Subscription Checks Not getting scheduled Anymore

Hi,

One one of the Sensu deployments, I am running into an issue
where subscription checks are not getting scheduled. The sensu-server (running
on CentOS + official sensu rpm from yum repo) is on 1.4.2 while the clients are
a mix of 1.3.3 and 1.4.2. There are over 50 clients in the deployment.

Standalone checks and keepalives from each client are working though. What
I have tried so far:

- Ensure time is in sync on sensu-master and sensu-clients

- I am using Redis, so flushdb and flushall executed to clean the state

- Downgraded sensu-server to 1.3.3

I did manage to make things work briefly by doing the below steps:

- Stop sensu-client, sensu-server and sensu-api on the designated master node

- Flush Redis and restarted it to listen only on loopback

- Started sensu-client, sensu-server and sensu-api on the designated master node to connect to redis loopback

- the sensu-client running on the master node showed all the subscription checks after this

- Restarted redis after updating configs to bind to all interfaces

- All the other 49 nodes now connected and scheduled checks successfully

But after 2 days, the checks went stale again. The team has updated all the
sensu-clients to 1.4.2 but the problem persists.

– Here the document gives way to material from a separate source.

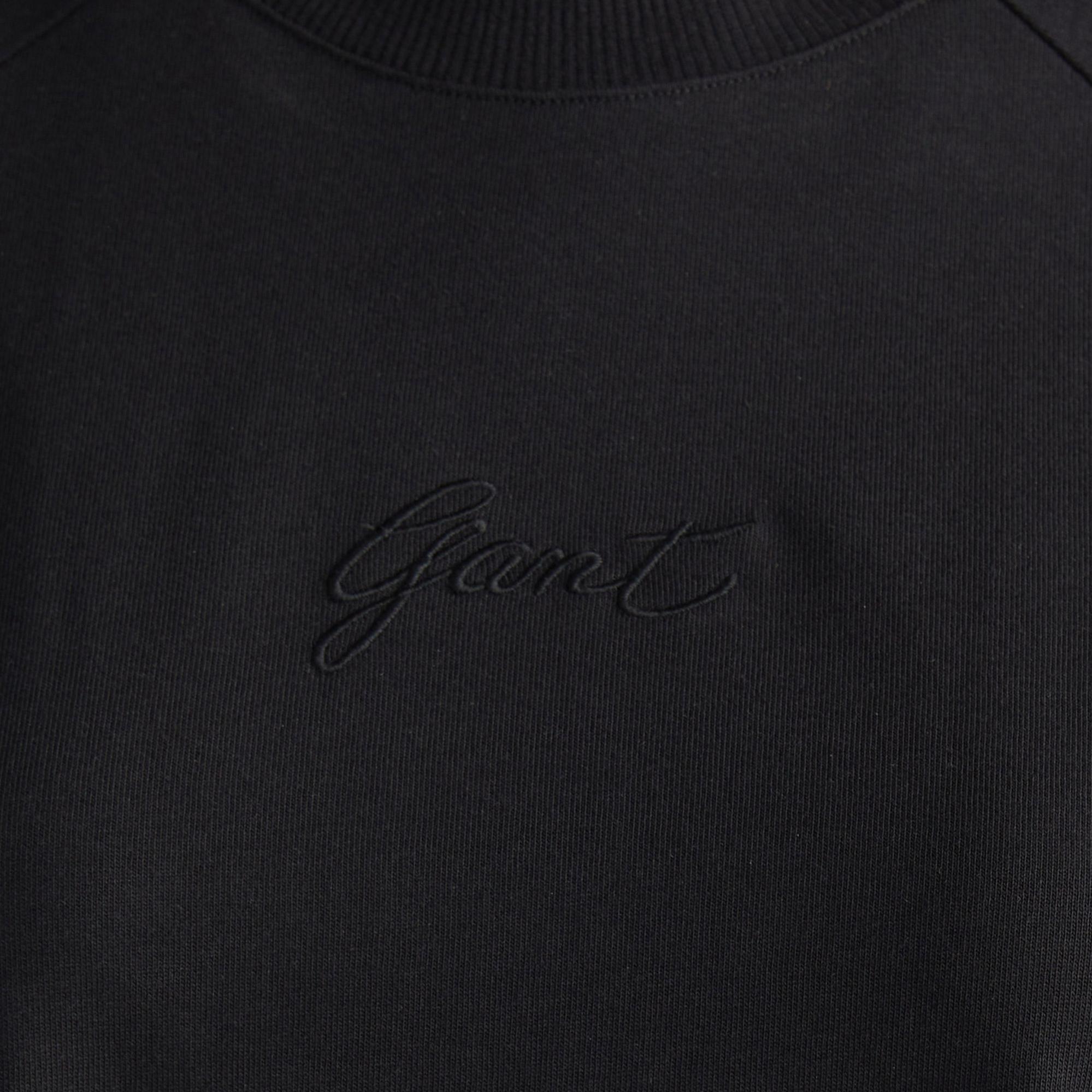 GANT Kadın Siyah Bisiklet Yaka Logolu T-Shirt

Anyidea what could be happening here? The setup was working without issues for over 3 months. The logs
were not very helpful - I am yet to see any errors related to publish check messages. In fact, I dont
see any publish check requests in the logs.

Regards.
@shankerbalan

<snip>

FWIW - the problem was multiple sensu-servers running.

Regards.
@shankerbalan

···

On 16-Jul-2018, at 8:28 PM, mail@shankerbalan.net wrote:

Hi,

One one of the Sensu deployments, I am running into an issue
where subscription checks are not getting scheduled. The sensu-server (running
on CentOS + official sensu rpm from yum repo) is on 1.4.2 while the clients are
a mix of 1.3.3 and 1.4.2. There are over 50 clients in the deployment.

Hi Shanker! Great that you were able to get this resolved! Are you able to update the post as solved?